You're on the right track, but always have a look at the documentation of the software you're using to see what model is actually fit. Assume a situation with a categorical dependent variable $Y$ with ordered categories $1, \ldots, g, \ldots, k$ and predictors $X_{1}, \ldots, X_{j}, \ldots, X_{p}$.
"In the wild", you can encounter three equivalent choices for writing the theoretical proportional-odds model with different implied parameter meanings:
- $\text{logit}(p(Y \leqslant g)) = \ln \frac{p(Y \leqslant g)}{p(Y > g)} = \beta_{0_g} + \beta_{1} X_{1} + \dots + \beta_{p} X_{p} \quad(g = 1, \ldots, k-1)$
- $\text{logit}(p(Y \leqslant g)) = \ln \frac{p(Y \leqslant g)}{p(Y > g)} = \beta_{0_g} - (\beta_{1} X_{1} + \dots + \beta_{p} X_{p}) \quad(g = 1, \ldots, k-1)$
- $\text{logit}(p(Y \geqslant g)) = \ln \frac{p(Y \geqslant g)}{p(Y < g)} = \beta_{0_g} + \beta_{1} X_{1} + \dots + \beta_{p} X_{p} \quad(g = 2, \ldots, k)$
(Models 1 and 2 have the restriction that in the $k-1$ separate binary logistic regressions, the $\beta_{j}$ do not vary with $g$, and $\beta_{0_1} < \ldots < \beta_{0_g} < \ldots < \beta_{0_k-1}$, model 3 has the same restriction about the $\beta_{j}$, and requires that $\beta_{0_2} > \ldots > \beta_{0_g} > \ldots > \beta_{0_k}$)

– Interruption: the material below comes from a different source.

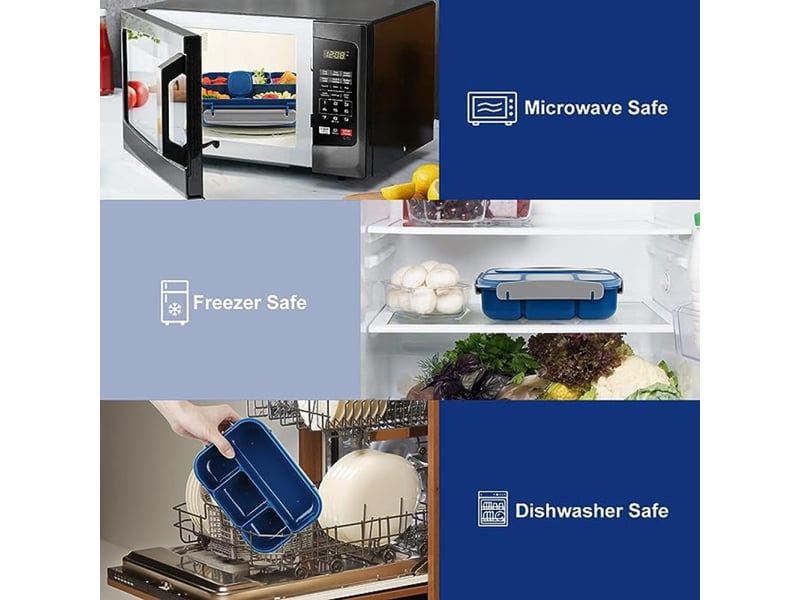  Coffret bento 7 pièces pour adultes et enfants, boîte à lunch à 4 compartiments, ustensiles, pot à sauce, caissettes à muffins, 1300 ml  - Conforama D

- In model 1, a positive $\beta_{j}$ means that an increase in predictor $X_{j}$ is associated with increased odds for a lower category in $Y$.
- Model 1 is somewhat counterintuitive, therefore model 2 or 3 seem to be the preferred one in software. Here, a positive $\beta_{j}$ means that an increase in predictor $X_{j}$ is associated with increased odds for a higher category in $Y$.
- Models 1 and 2 lead to the same estimates for the $\beta_{0_g}$, but their estimates for the $\beta_{j}$ have opposite signs.
- Models 2 and 3 lead to the same estimates for the $\beta_{j}$, but their estimates for the $\beta_{0_g}$ have opposite signs.
Assuming your software uses model 2 or 3, you can say "with a 1 unit increase in $X_1$, ceteris paribus, the predicted odds of observing '$Y = \text{Good}$' vs. observing '$Y = \text{Neutral OR Bad}$' change by a factor of $e^{\hat{\beta}_{1}} = 0.607$.", and likewise "with a 1 unit increase in $X_1$, ceteris paribus, the predicted odds of observing '$Y = \text{Good OR Neutral}$' vs. observing '$Y = \text{Bad}$' change by a factor of $e^{\hat{\beta}_{1}} = 0.607$." Note that in the empirical case, we only have the predicted odds, not the actual ones.
Here are some additional illustrations for model 1 with $k = 4$ categories. First, the assumption of a linear model for the cumulative logits with proportional odds. Second, the implied probabilities of observing at most category $g$. The probabilities follow logistic functions with the same shape.

For the category probabilities themselves, the depicted model implies the following ordered functions:

P.S. To my knowledge, model 2 is used in SPSS as well as in R functions MASS::polr()
and ordinal::clm()
. Model 3 is used in R functions rms::lrm()
and VGAM::vglm()
. Unfortunately, I don't know about SAS and Stata.